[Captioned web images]
------------------------------------------------------------

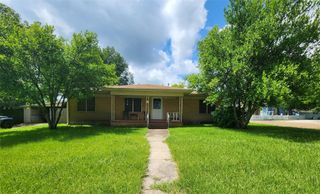 211 W Sherman Street, Livingston, TX 77351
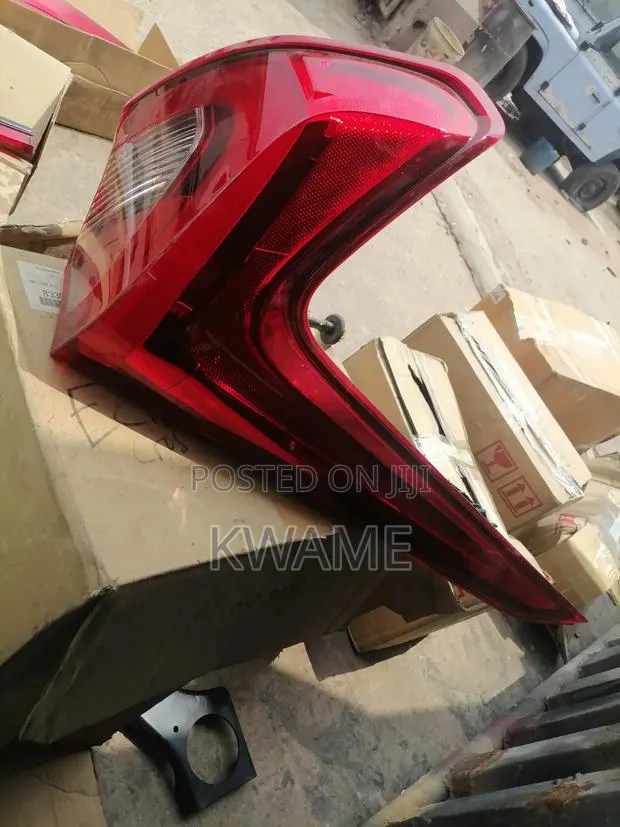 Mitsubishi Eclipse Cross 2017-2021 Tail Light!(l) · Photo 1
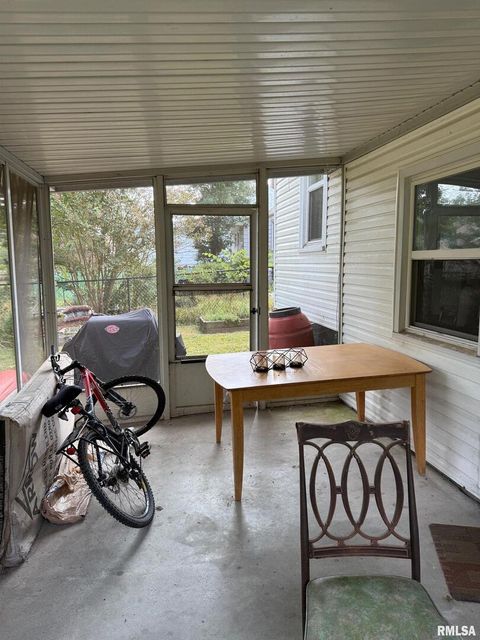 Tiny photo for 1010 W Walkup Avenue, Carbondale, IL 62901 (MLS # EB460278)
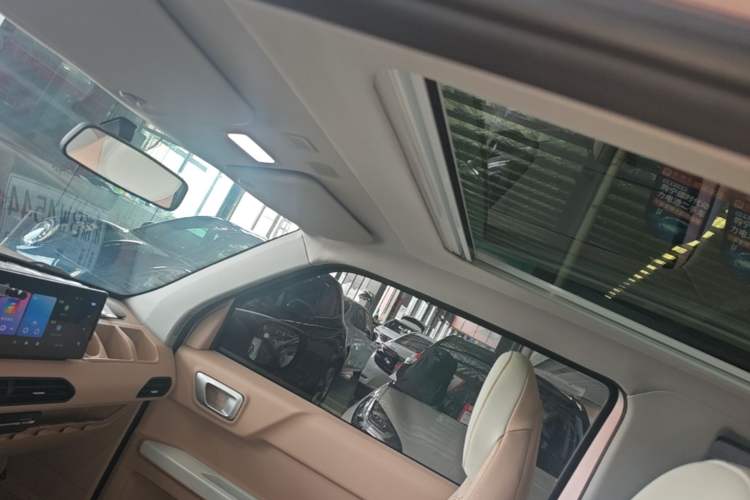 Used Geely Galaxy Panda 2023 Panda Mini 200km Dynamic Bear Headliner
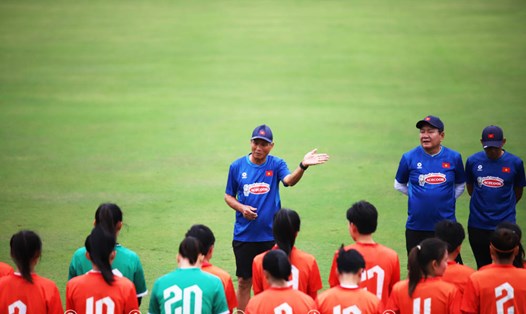 Tuyển nữ Việt Nam bước vào buổi tập đầu tiên chuẩn bị cho SEA Games 33. Ảnh: VFF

------------------------------------------------------------

= TASK GOAL =
Word for word, repeat each line of the records, and leave every image out.

= ANSWER SPACE =
 211 W Sherman Street, Livingston, TX 77351
 Mitsubishi Eclipse Cross 2017-2021 Tail Light!(l) · Photo 1
 Tiny photo for 1010 W Walkup Avenue, Carbondale, IL 62901 (MLS # EB460278)
 Used Geely Galaxy Panda 2023 Panda Mini 200km Dynamic Bear Headliner
 Tuyển nữ Việt Nam bước vào buổi tập đầu tiên chuẩn bị cho SEA Games 33. Ảnh: VFF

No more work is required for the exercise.